(Excerpted data)
- Opening Delimiter -

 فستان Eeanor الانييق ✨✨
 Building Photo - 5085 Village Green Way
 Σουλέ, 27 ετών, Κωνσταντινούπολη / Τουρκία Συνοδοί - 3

- Closing Delimiter -
- Opening Delimiter -

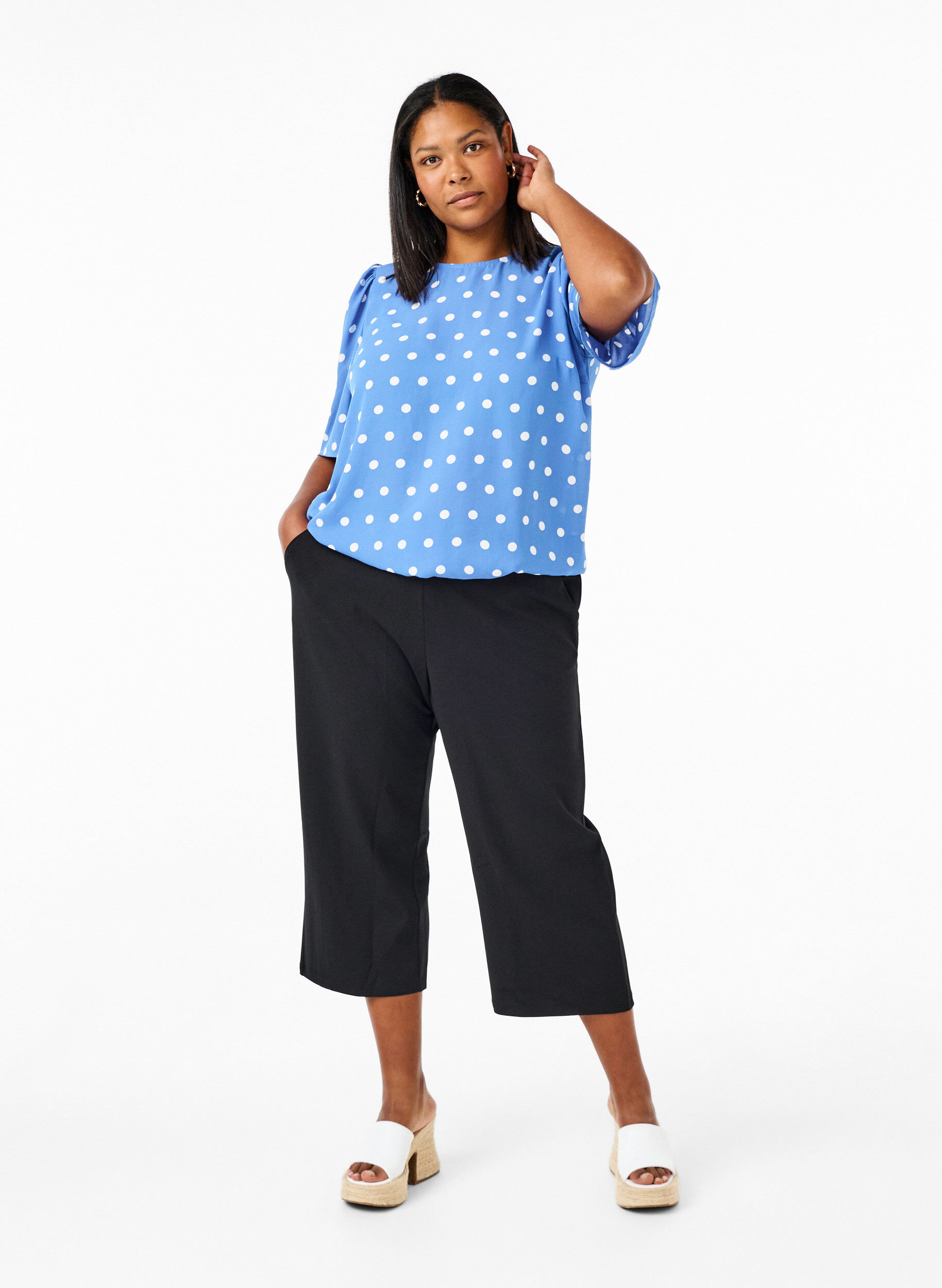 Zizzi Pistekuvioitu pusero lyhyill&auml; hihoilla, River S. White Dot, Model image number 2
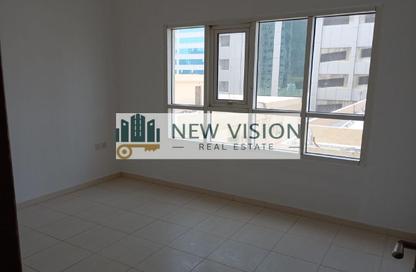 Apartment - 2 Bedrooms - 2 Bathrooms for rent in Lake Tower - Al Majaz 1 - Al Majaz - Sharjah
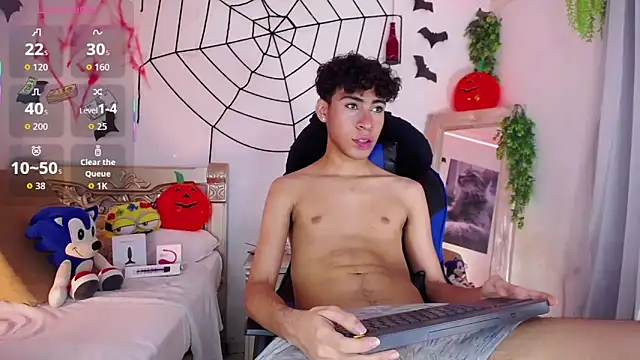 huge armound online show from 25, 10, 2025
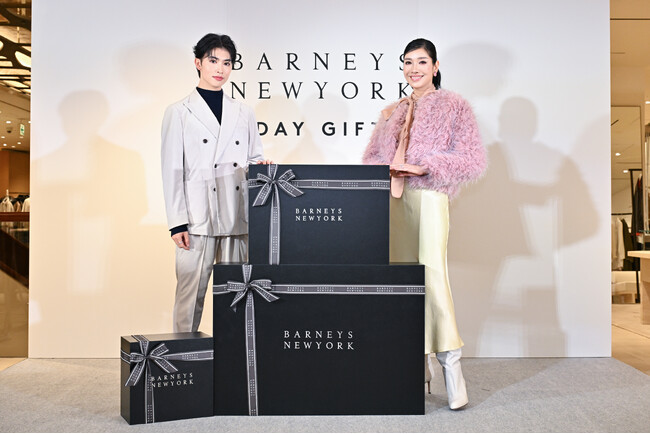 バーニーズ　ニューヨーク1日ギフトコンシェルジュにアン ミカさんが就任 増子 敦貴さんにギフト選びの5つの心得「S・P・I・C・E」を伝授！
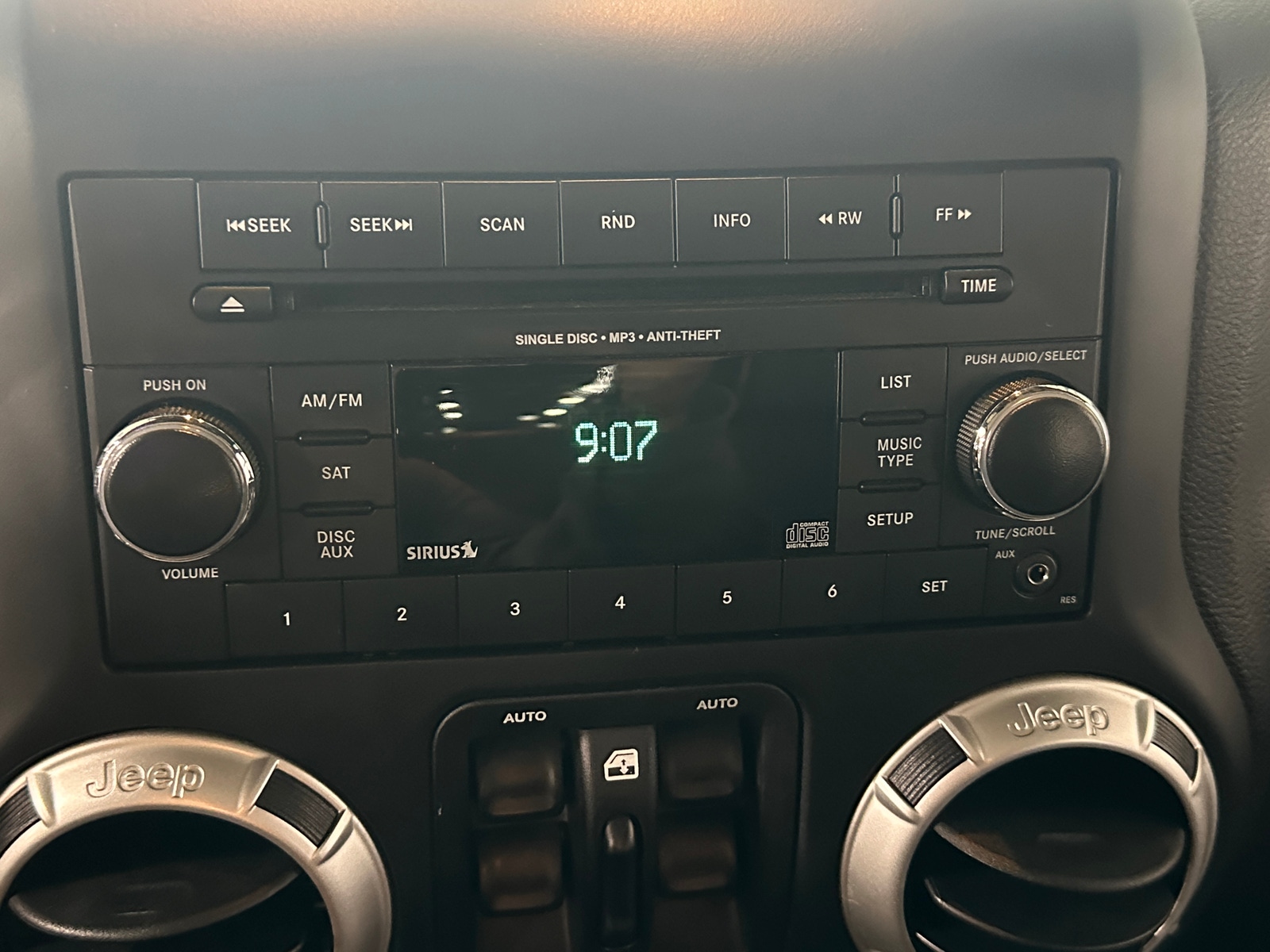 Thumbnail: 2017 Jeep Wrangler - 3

- Closing Delimiter -

(Task description) Repeat exactly the lines above, from the line that contains "バーニーズ　ニューヨーク1日ギフトコンシェルジュにアン ミカさんが就任 増子" down through the line that contains "Thumbnail: 2017 Jeep Wrangler - 3". Include both of those lines and none of the pictures.

(Response for this exercise)
 バーニーズ　ニューヨーク1日ギフトコンシェルジュにアン ミカさんが就任 増子 敦貴さんにギフト選びの5つの心得「S・P・I・C・E」を伝授！
 Thumbnail: 2017 Jeep Wrangler - 3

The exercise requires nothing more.